I thought I’d written all I wanted to say about JD.com’s Ochama ‘omnichannel’ stores. Until I stumbled on their WeChat account … While Ochama shows limited activity on western social media in The Netherlands, its Chinese WeChat account is bursting with price comparisons, strange promotions and cumbersome customer acquisition campaigns. Only available to those who use WeChat and read Mandarin …
Earlier this year Chinese e-tailer JD.com opened four Ochama pick-up stores in The Netherlands. The fumbled concept has left many people, among whom me, far from impressed. For a newly launched concept Ochama has remained relatively quiet on western social media. When checking their social channels, the Facebook icon on Ochama’s website turns out to link to a personal page of one Max Visser (a case of ‘the intern screwed up’?). Admittedly, it does show two Ochama logos.

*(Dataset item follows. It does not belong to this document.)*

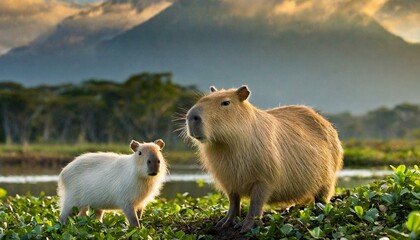Adult and young Capybara (Hydrochoerus hydrochaeris)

Ochama does have another official Facebook page though. It has 248 followers at the time of writing and often posts about current discounts, most of which receives no or just one ‘like’. It also organises competitions to acquire followers on Instagram.
On that Instagram account they have 54 posts, again mostly promoting current discounts. Twitter is even worse, with 3 posts, the latest concerning a January opening of a store, prompting a Twitter user to write: ‘This twitter account is just like the shops, nothing to do and not a person in sight”. Ochama’s YouTube channel has 2 videos.
While tumbleweeds are blowing through most of Ochama’s western social media accounts, the brand is remarkably active on China’s most important app: WeChat. Ochama opened an official account (link in Dutch), enabling it to post messages comparable to western e-mail newsletters to its followers. Since posting their first message on January 10th Ochama has posted almost 50 times, clearly picking up speed in May.
Since Ochama doesn’t have any shops in China, these messages are obviously targeted at the Chinese diaspora in The Netherlands, especially younger Chinese that use WeChat and have probably come to study and/or work in The Netherlands. The number of views per message ranges from a few hundred to slightly more than 2.000. It’s quite low for Chinese standards, but maybe not all that bad considering it is trying to reach a niche audience in The Netherlands. In 2018 the Dutch population born in Greater China (including Hong Kong and Taiwan), or having at least one parent born there, was estimated to be 92.000, or 0,54% of the total population.
Initially Ochama’s WeChat messages explained how their pick-up stores and app worked, announced openings of the four shops, explained the loyalty scheme and how to get free parking at the shops. Soon the messages started announcing new products added to Ochama’s assortment, with special focus on Asian snacks. Other messages announced upcoming discount coupons, while the messages also started incorporating the same banners that can be seen on the English website and in the app. If things were unclear, followers could add an ‘Ochama Assistant’ to your contacts and chat with that account directly.
Campaigns by Ochama are often forwarded on the WeChat account of GoGoDutch, a popular WeChat account among Chinese diaspora in The Netherlands, thereby reaching a much wider audience.
Babies and the Benefits Officer
The tone of voice in the messages soon started changing, becoming louder while the messages clogged up with animated stickers and memes. Followers were called ‘babies’ (宝宝们, bǎobǎomen), a common term for followers in China, while the writer identified as their ‘benefits officer’ (福利官, fúlì guān).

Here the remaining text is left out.